I recalled at least five examination questions addressing Wegener's granulomatosis, but none directly on obesity. The differences in prevalence are remarkable. In the United States, approximately 61% (110 million) of adults (age 20–74 years) are overweight or obese. . Educators must realize that if we are to aggressively arrest this epidemic, we must be armed with the knowledge to do so. Awareness, in part comes from exposure. By that, I mean, that which we study is that which we will be questioned on. If we all agree that obesity education is a priority, it follows that examinations should reflect that prioritization.

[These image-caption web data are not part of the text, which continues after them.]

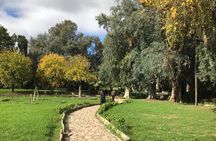 Private Historical Fez guided tour including all entrance fees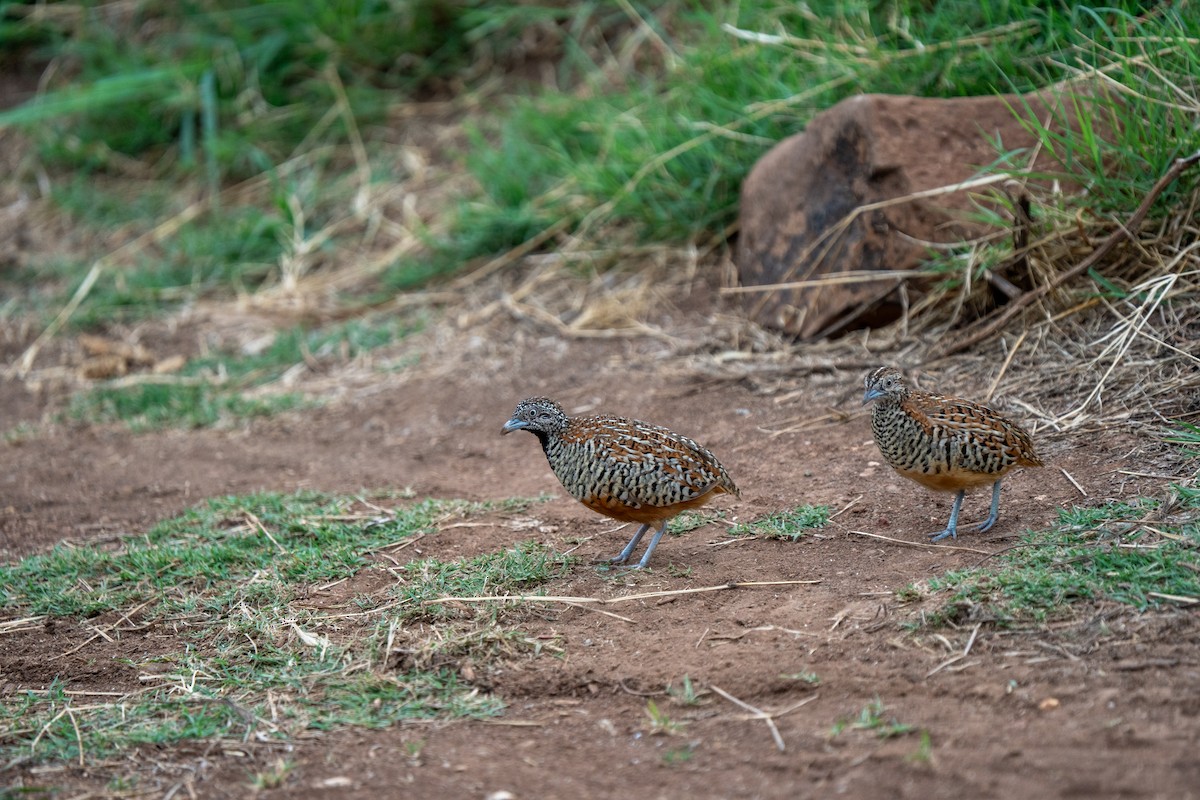 Barred Buttonquail - ML640172524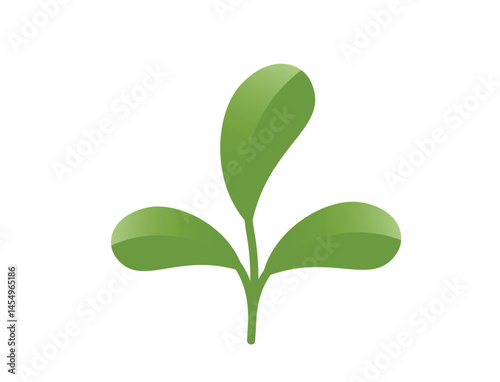Green plant with three rounded leaves illustration. Nature, spring and planting design element. Isolated vector image
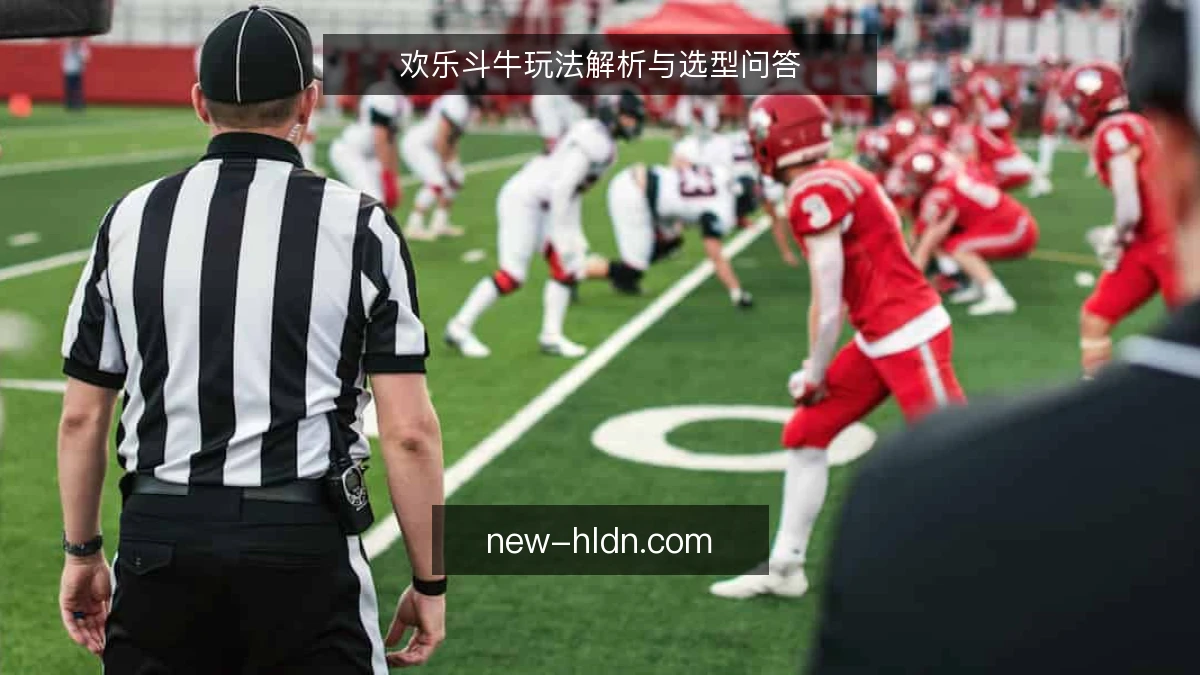 欢乐斗牛玩法解析与选型问答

Diabetes, coronary heart disease, dyslipidemias, hypertension, and cancer were appropriately well represented in this ABIM exam and previous standardized examinations I have taken. Obesity should be right up there with these "big players". There is a lot to understand within this field. It is a lot more complex than "eat less, make better nutritional choices, and exercise more". The complexities of nutritional decision making are very important to the patient, and they want to discuss these choices with physicians as well as dieticians. Pharmacotherapy, although limited in terms of number of options, does have a role. Bariatric surgery is an evolving field and there are complexities associated with the use of the procedure that surgeons and internists alike must understand. Also, such psychosocial aspects of obesity as diminished quality-of-life, self-esteem, and work performance must be stressed and understood. Fogelman reported that in one survey of family practitioners, 72% believed that they had limited efficacy in treating obesity and considered themselves not well prepared by medical school to treat overweight patients . Some 60% reported feeling that they have insufficient knowledge regarding nutritional issues. Regarding pharmacotherapy for treating obesity, only 66% knew the drugs' prescription indications. .

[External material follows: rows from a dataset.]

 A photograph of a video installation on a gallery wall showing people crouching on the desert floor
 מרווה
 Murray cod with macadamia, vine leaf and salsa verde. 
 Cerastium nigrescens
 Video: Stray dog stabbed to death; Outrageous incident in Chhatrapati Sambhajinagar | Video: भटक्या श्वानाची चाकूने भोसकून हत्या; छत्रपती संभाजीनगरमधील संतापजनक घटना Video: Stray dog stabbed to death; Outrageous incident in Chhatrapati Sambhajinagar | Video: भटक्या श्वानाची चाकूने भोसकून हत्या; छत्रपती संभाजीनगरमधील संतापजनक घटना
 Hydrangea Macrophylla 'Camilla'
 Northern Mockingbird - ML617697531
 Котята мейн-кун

Primary prevention is the way to go in obesity research expenditure. In my opinion, the greatest healthcare cost-savings' "bang-for-the-buck" comes from preventive care and education. Consider how many fewer cases of diabetes, hypertension, CHD, fatty liver disease, dyslipidemia, thromboembolic disease, obesity-hypoventilation, obstructive sleep apnea, gout, osteoarthritis, cancer, GERD, reproductive and urinary tract abnormalities, cataracts, psychosocial abnormalities we would have to battle if the inciting factor (obesity) was aggressively treated at the onset. Is this not one prudent management step toward curtailing an overtaxed health care system?

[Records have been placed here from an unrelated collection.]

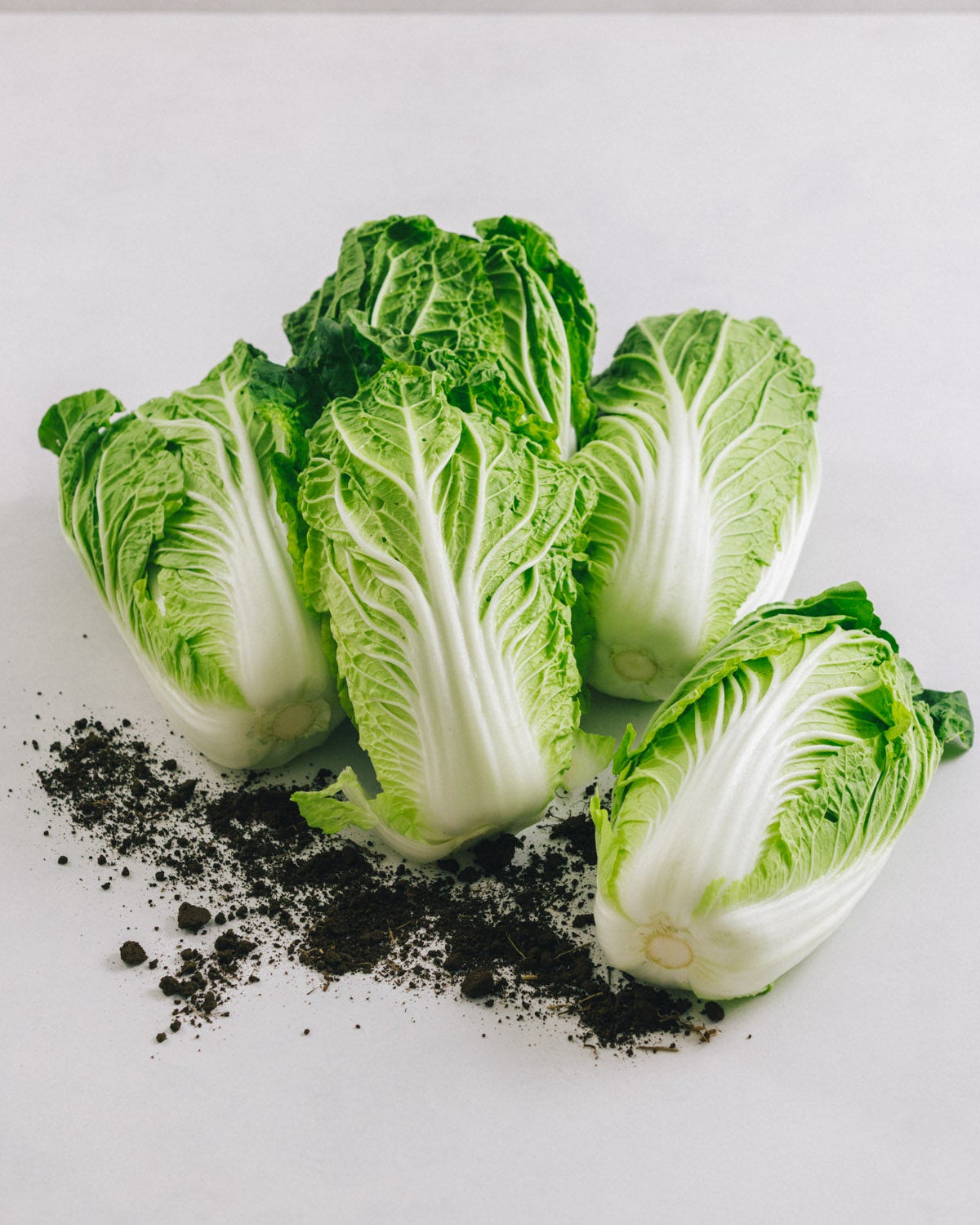 千葉県館山・南房総 ミニ白菜 10kg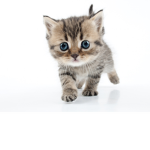 Team CatRB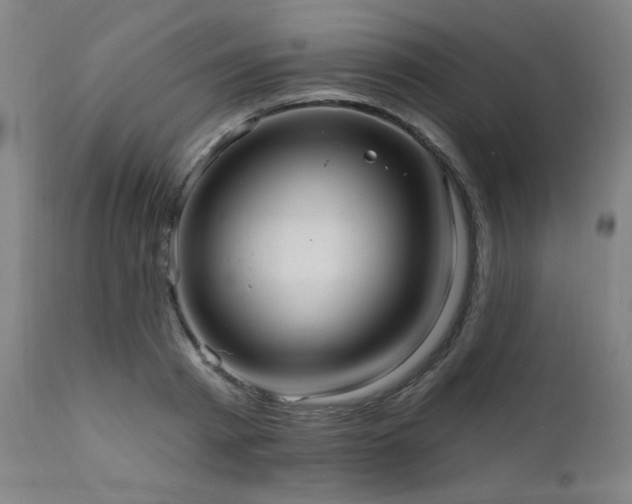 X0000111460793200907131454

The war on obesity seems winnable. We just need the tools and awareness to address the disease. Obesity is not a silent disease to be tolerated: it is an aggressive yet insidious disease (much like type 2 diabetes) that must be arrested before its negative health consequences become irreversible. The first step is to teach practitioners what to look out for, and in turn, to teach patients what to look out for. Meanwhile, I will have my antennas up in search of Wegener's granulomatosis.
I hereby declare that I do not have a financial association or other conflict of interest with the subjects mentioned in this manuscript.